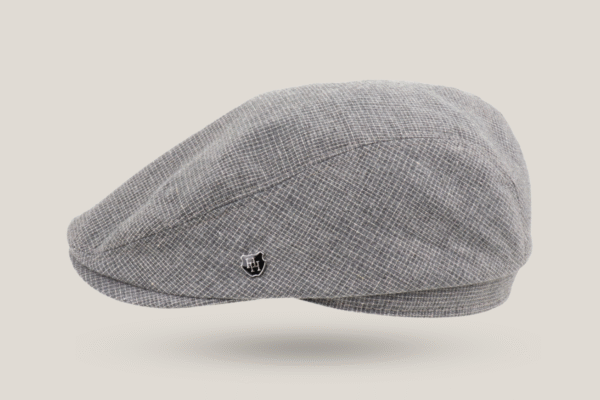 Fine Check Driving Cap - Image 3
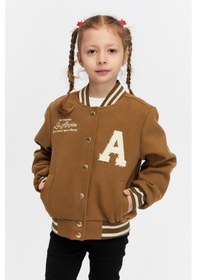 Resim Kız Çocuk Kolej Ceket 51325 Camel 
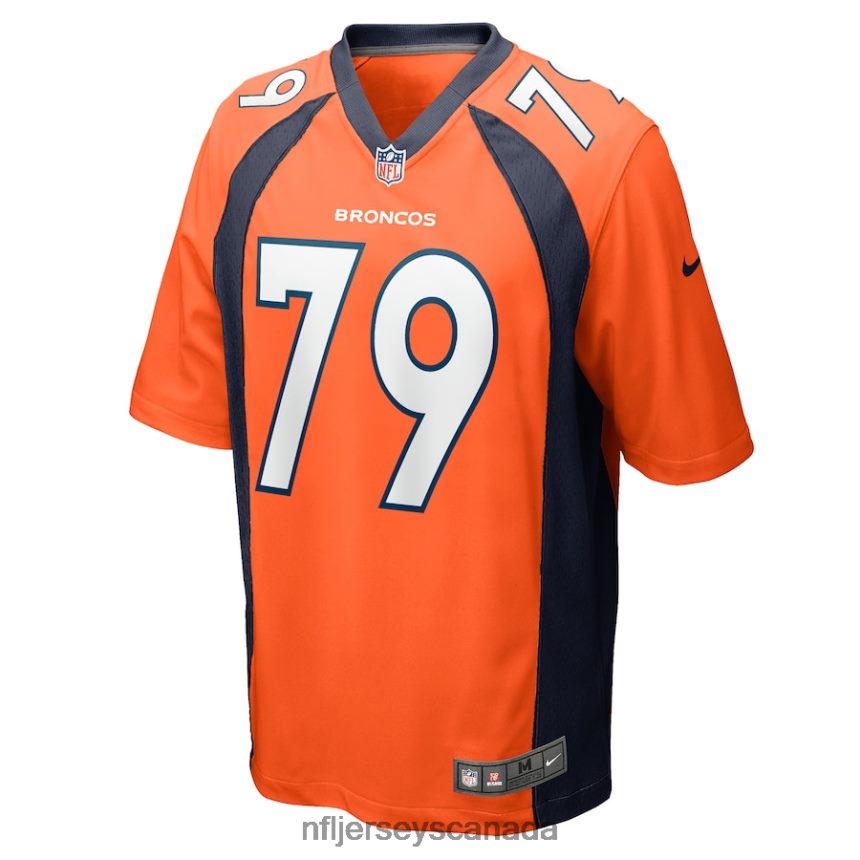 Men Denver Broncos Lloyd Cushenberry III Nike Orange Game Player Jersey Clothing NFL TBXFR65765
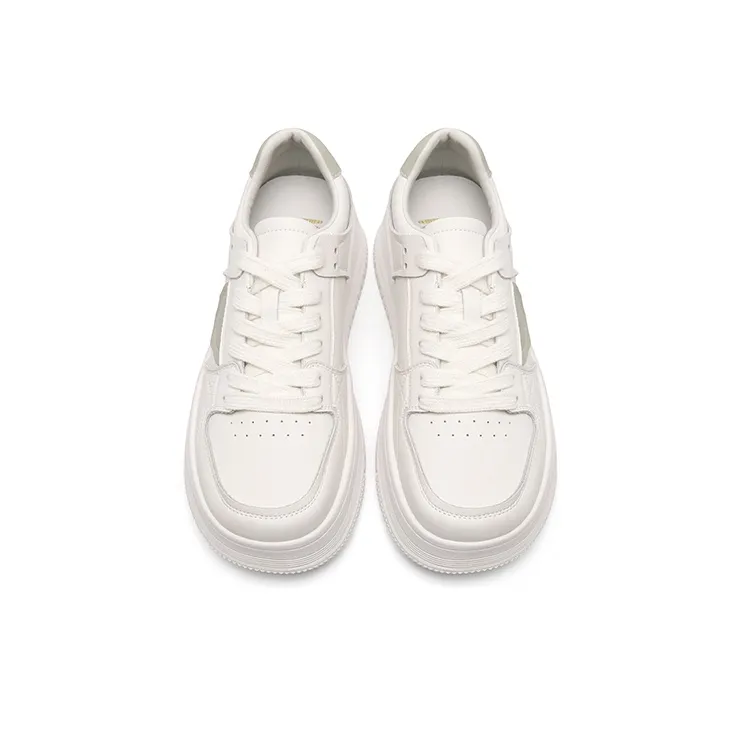 PACO GIL Low-Top Skateboard Shoes Women's White-2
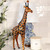 Standing Giraffe Handmade Leather Large Statue for Home Decor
=-=-=
### [What the exercise asks]
Go through the material above and repeat it exactly. Omit the pictures.

### [Output of the task]
 Fine Check Driving Cap - Image 3
 Resim Kız Çocuk Kolej Ceket 51325 Camel 
 Men Denver Broncos Lloyd Cushenberry III Nike Orange Game Player Jersey Clothing NFL TBXFR65765
 PACO GIL Low-Top Skateboard Shoes Women's White-2
 Standing Giraffe Handmade Leather Large Statue for Home Decor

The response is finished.